◆ Source data ◆
[Start of Attachment]
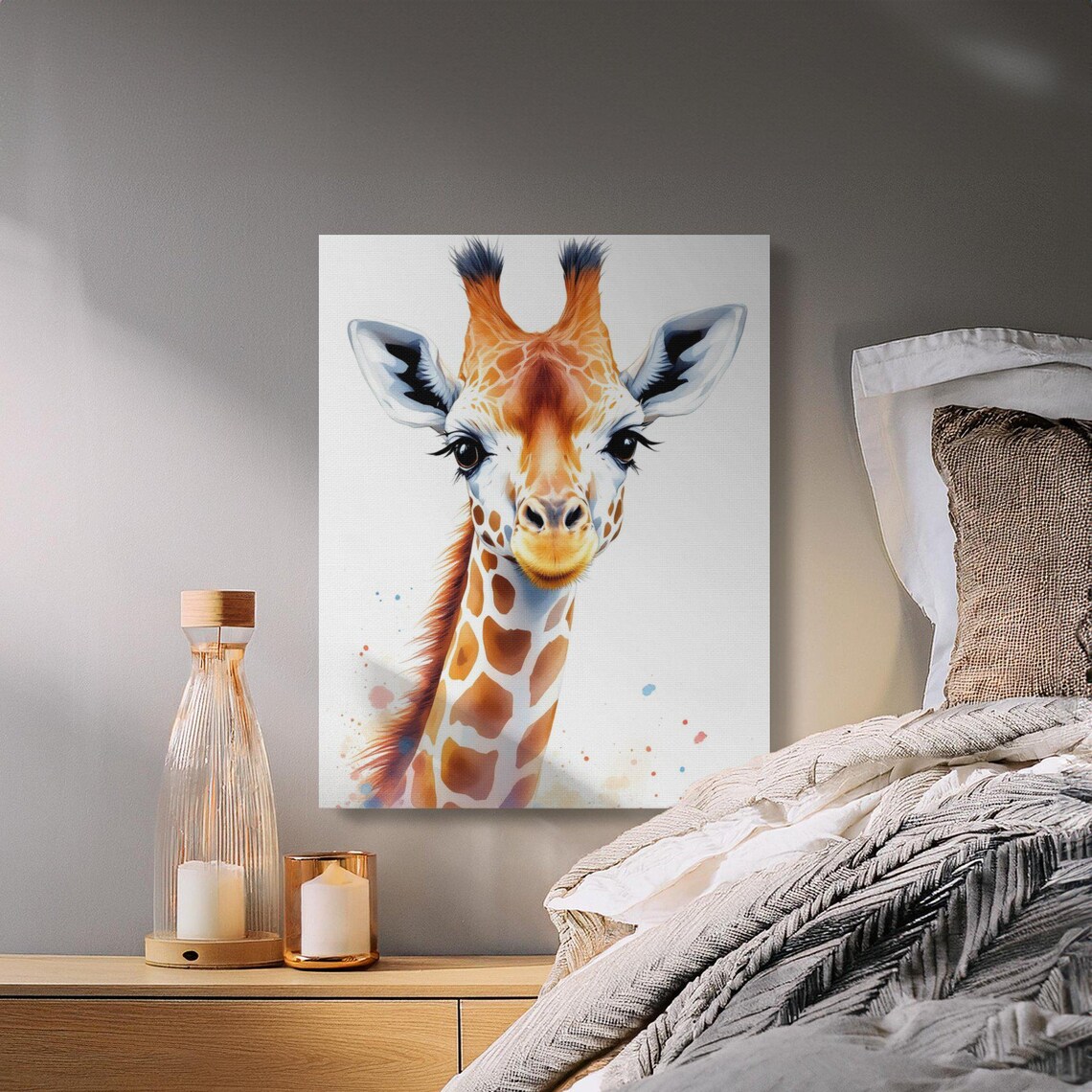 Cute Baby Giraffe Watercolor Splash Safari Nursery Kids Poster - Image 2
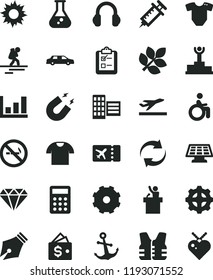 solid black flat icon set truck lorry vector, renewal, t short, city block, anchor, survey, shirt, gear, calculator, headphones, flask, magnet, growth graph, sun panel, biology, syringe, ink pen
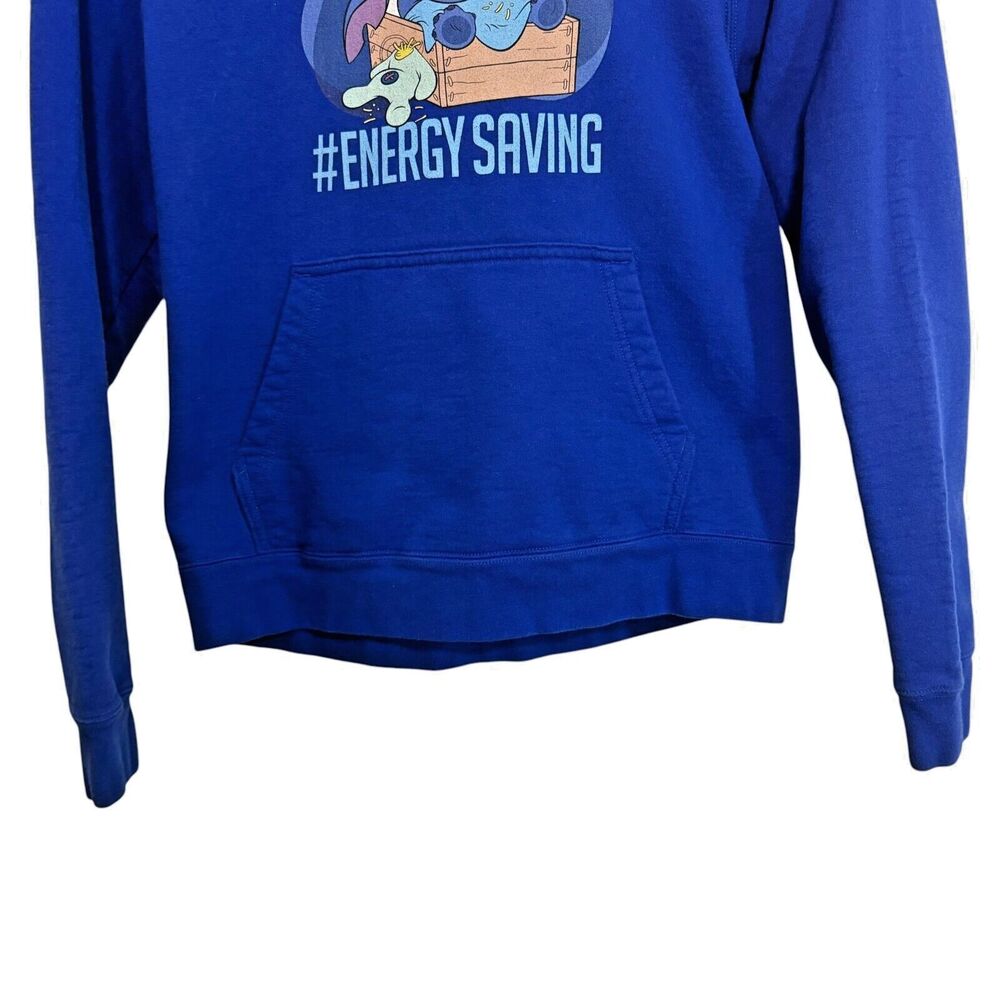 Disney Lilo & Stitch Not Lazy #Energy Saving Fleece Hooded Pullover Sweatshirt S - Picture 3 of 9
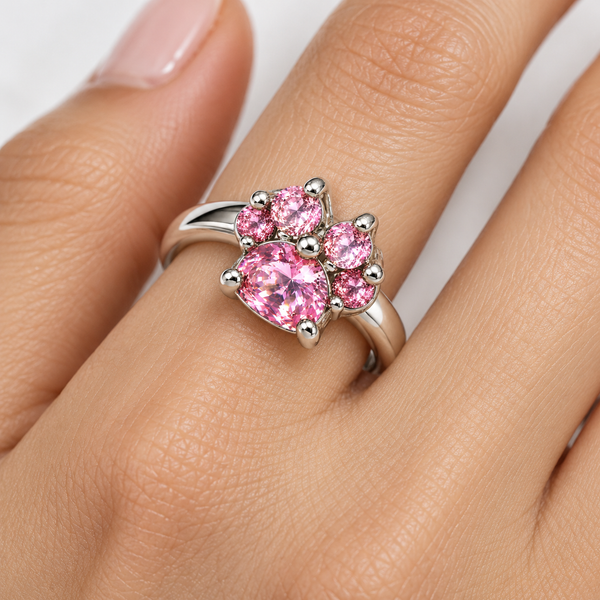 Pink Crystal Cluster Open Ring Sterling Silver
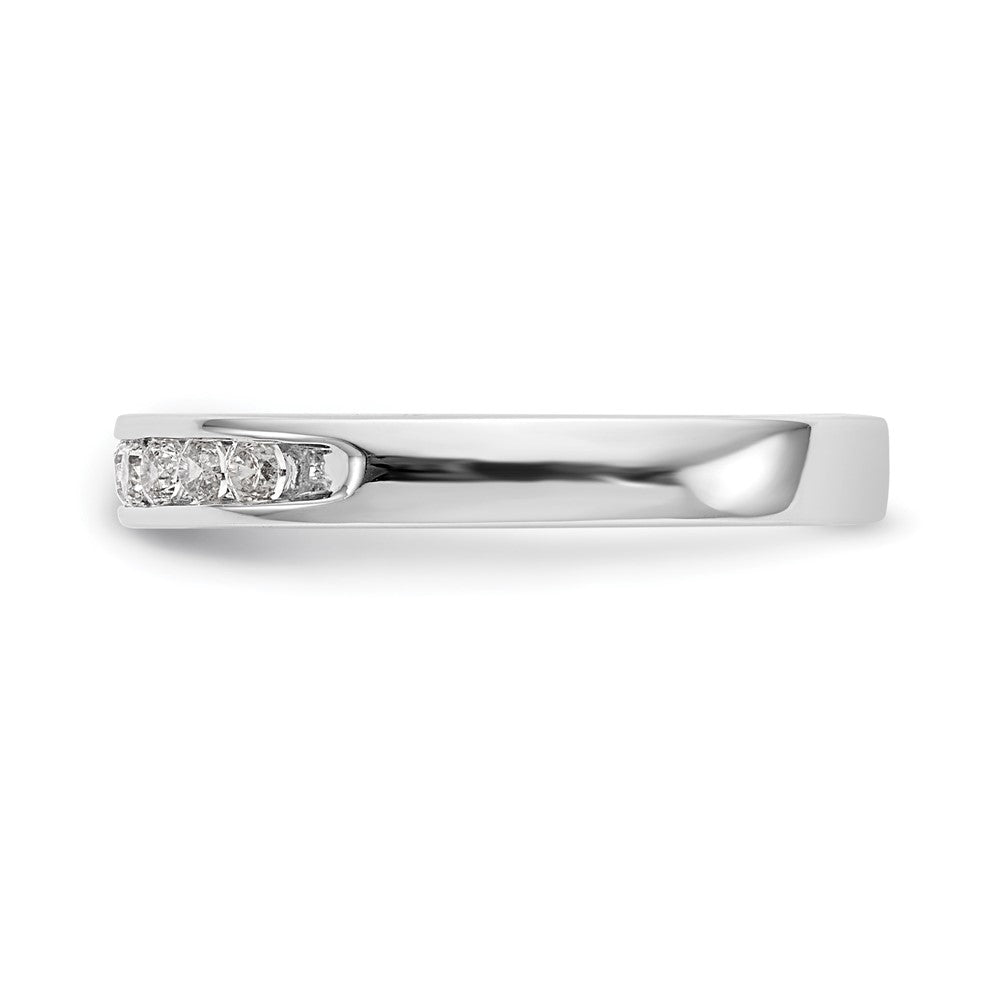 14K Weißgold Ring mit 9 Steinen, 0,33K runden Diamanten in Kanalfassung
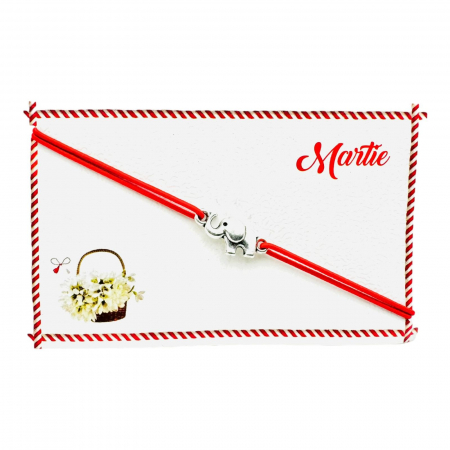 Bratara reglabila Martisor, snur elastic, Elefant Norocos, model 2025,   [1]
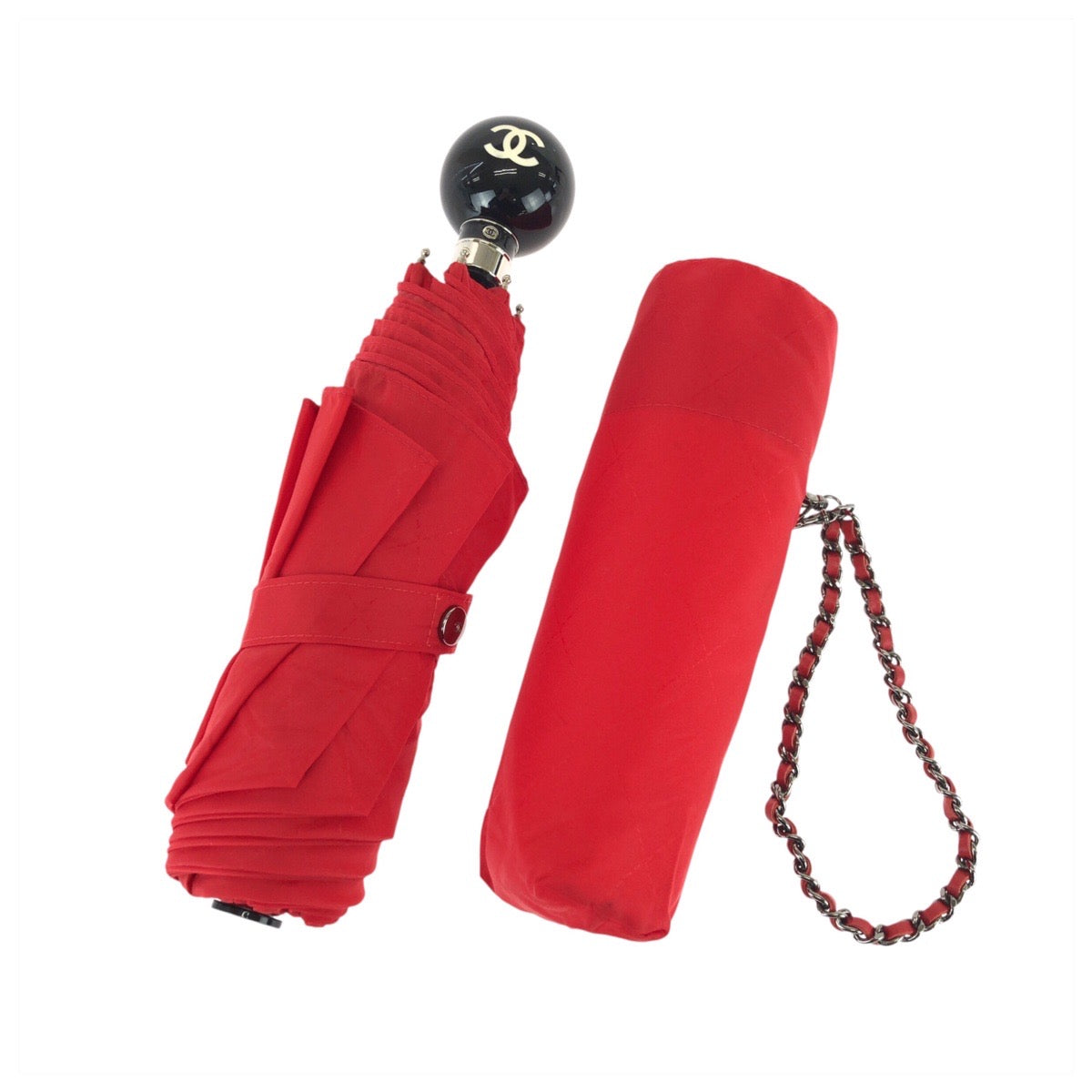 23148
CHANEL シャネル ココマーク マトラッセ レッド シルバー金具 ポリアミド / ポリエステル 傘 折りたたみ傘 晴雨兼用 レディース A58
[End of Attachment]
◆ Task ◆
All of the data is to be reproduced exactly, with the pictures left out.

◆ Result ◆
 Cute Baby Giraffe Watercolor Splash Safari Nursery Kids Poster - Image 2
 solid black flat icon set truck lorry vector, renewal, t short, city block, anchor, survey, shirt, gear, calculator, headphones, flask, magnet, growth graph, sun panel, biology, syringe, ink pen
 Disney Lilo & Stitch Not Lazy #Energy Saving Fleece Hooded Pullover Sweatshirt S - Picture 3 of 9
 Pink Crystal Cluster Open Ring Sterling Silver
 14K Weißgold Ring mit 9 Steinen, 0,33K runden Diamanten in Kanalfassung
 Bratara reglabila Martisor, snur elastic, Elefant Norocos, model 2025,   [1]
 23148
CHANEL シャネル ココマーク マトラッセ レッド シルバー金具 ポリアミド / ポリエステル 傘 折りたたみ傘 晴雨兼用 レディース A58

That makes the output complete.